• [Task] Repeat every line of the data exactly, but not the pictures.

*** Opening of Dataset section ***

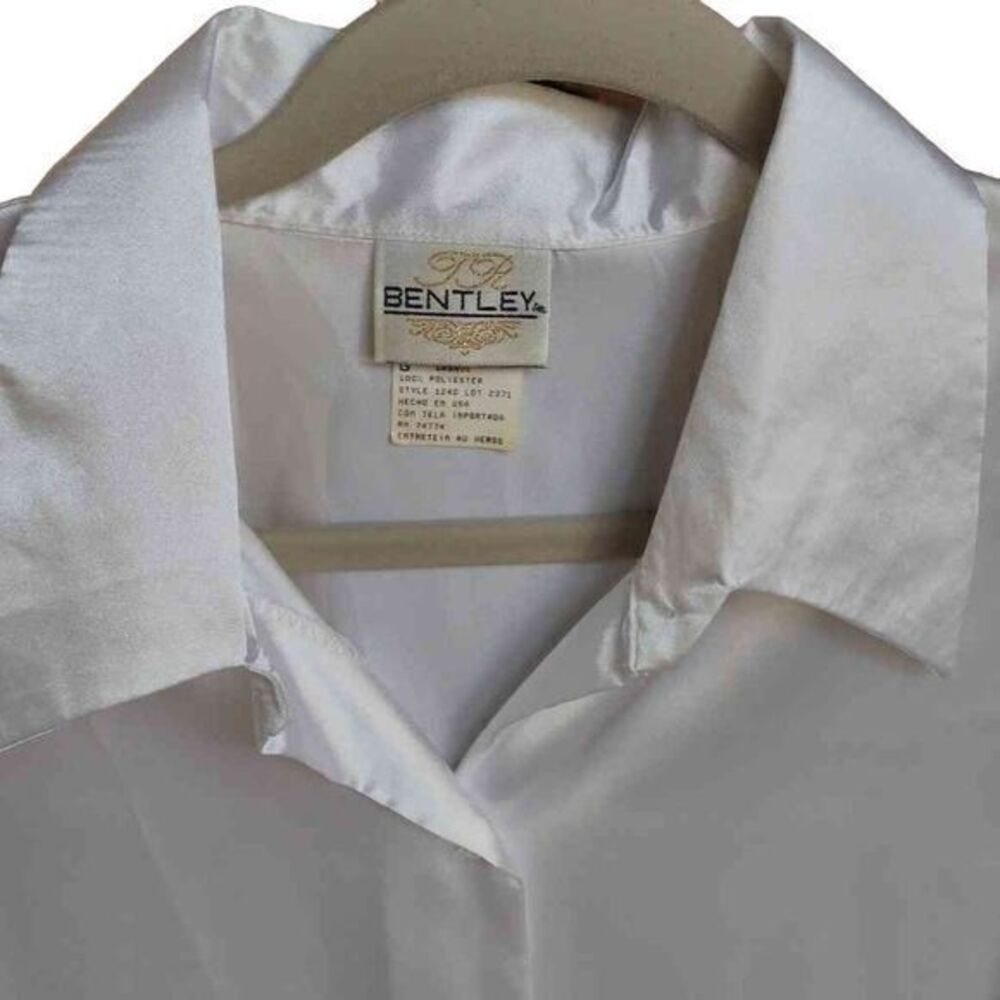 Vintage TR Bentley White Sateen Button Up SZ L‎
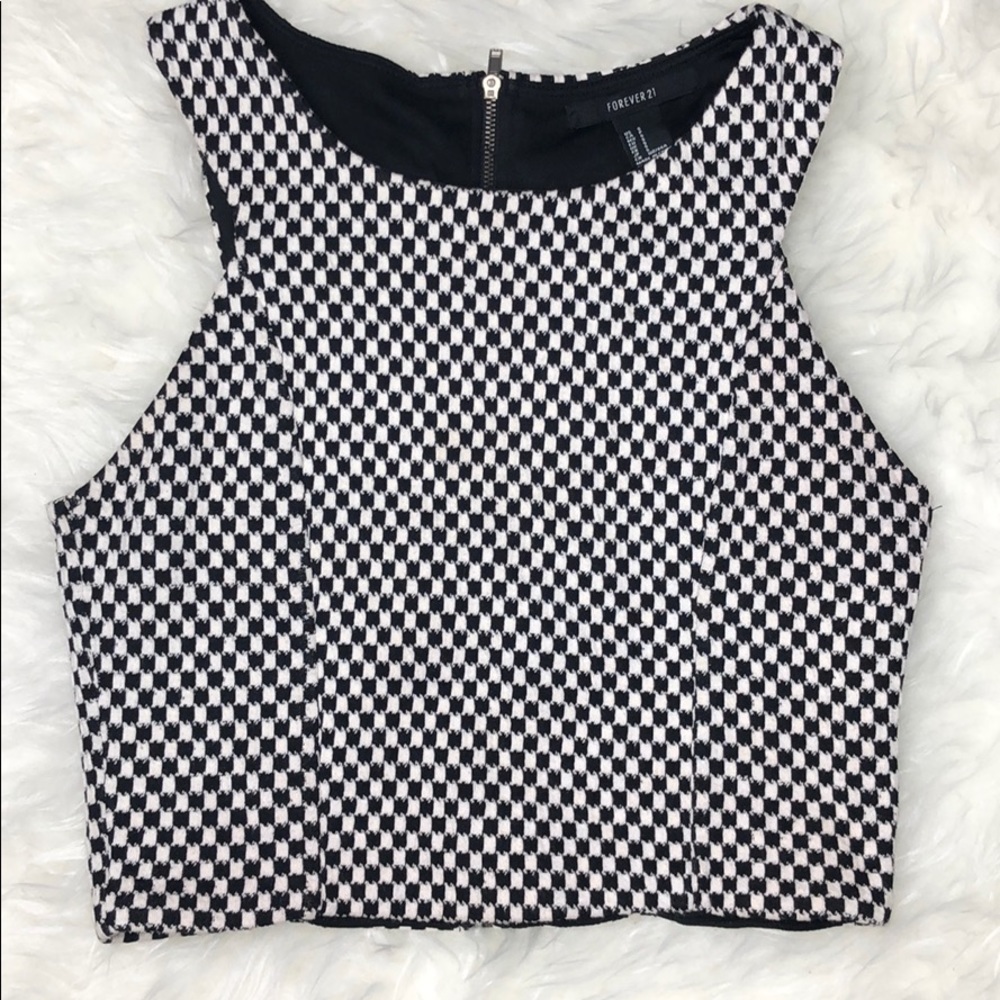 Forever 21 checkered black and white crop top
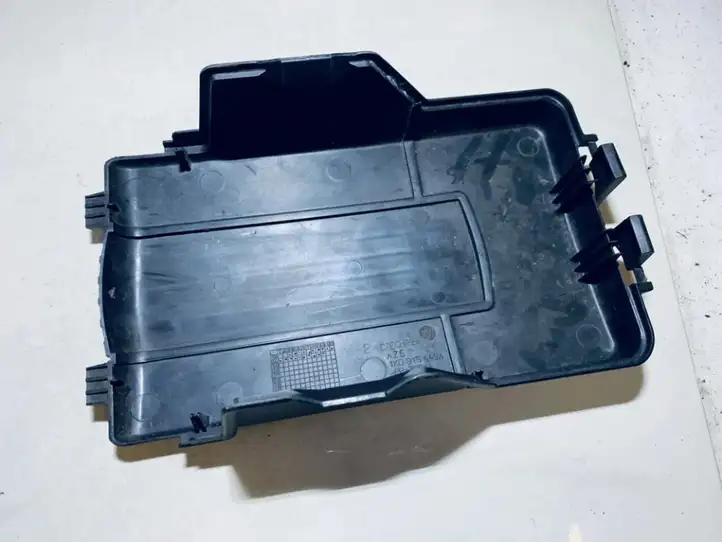 Volkswagen Golf V (2003 - 2009) 1k0915443a Крышка ящика аккумулятора — фото 2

*** Close of Dataset section ***

• [Output of the task]
 Vintage TR Bentley White Sateen Button Up SZ L‎
 Forever 21 checkered black and white crop top
 Volkswagen Golf V (2003 - 2009) 1k0915443a Крышка ящика аккумулятора — фото 2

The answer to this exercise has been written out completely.